自らの欲望というと何かと誤解をされやすいですが、時臣レベルの人物の欲望となるとそのへんにある凡庸な欲望のことではなく、自らが厳しい修行などで手に入れて生きた魔導の力のさらに先の根源に至りたいという、いわば魔術の世界でお釈迦様のような悟った境地に至りたいということです。

 

しかし、時臣は自分がそのような『根源に到達すること』よりも、『娘のこれからの成長』のために、凛に完全無欠の魔術師としての父で在ることを見せることの方が重要であると気づいたのです。自分の幸せよりも愛する人の幸せへと、自分の喜びよりも愛する者の喜びへとシフトしたのです。

 

ここで重要な点は、時臣は自分の欲望を放棄したわけではないということです。

注目してほしいのは『愛する人を喜ばせることで自分が喜ぶこと』へ欲望の形が変わっただけで、自分の欲望であることには間違いないのです。

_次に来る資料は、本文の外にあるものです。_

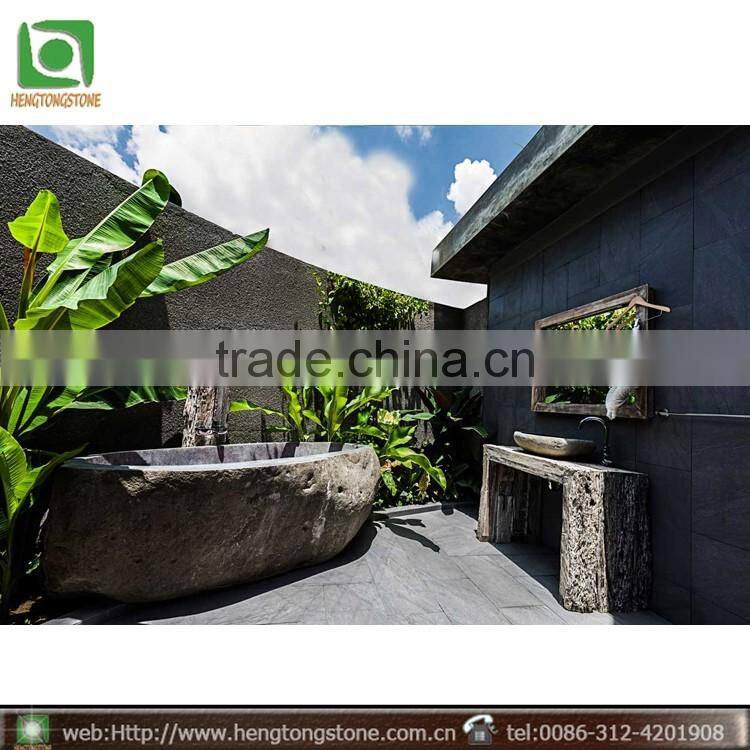 Comfortable Outdoor Portable Bathtub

自分が心からやりたいことが『娘のこれからの成長』でありそれが自らの欲望であり喜びなのです。

 

時臣の一連の思考の変化は、パラダイムシフトの変換であるとか抽象度の階段を一つ上に昇ったと呼ばれるような、自分を一つ上の世界へと成長させていくような現象ともつながります。

 

そして実は、この『自分の大事な人を喜ばせることを何よりも自分の喜びとすること』というのが自分を成長させるための隠れキーワードでもあります。人の喜びを自分の喜びとすることで、自我という自分へのこだわりが消えてゆき、世界が広がったり行動や成長するスピードが加速していくのです。

 

自分のゴール設定がなかなか出来ないという人であれば、「あなたの大事な人をどうしたら喜ばせることが出来るか」ということを考えてそれを是非実行してみてください。あなたの世界がどんどん良い方向に変わっていくはずです。

 

今回も最後まで読んでいただき、ありがとうございました。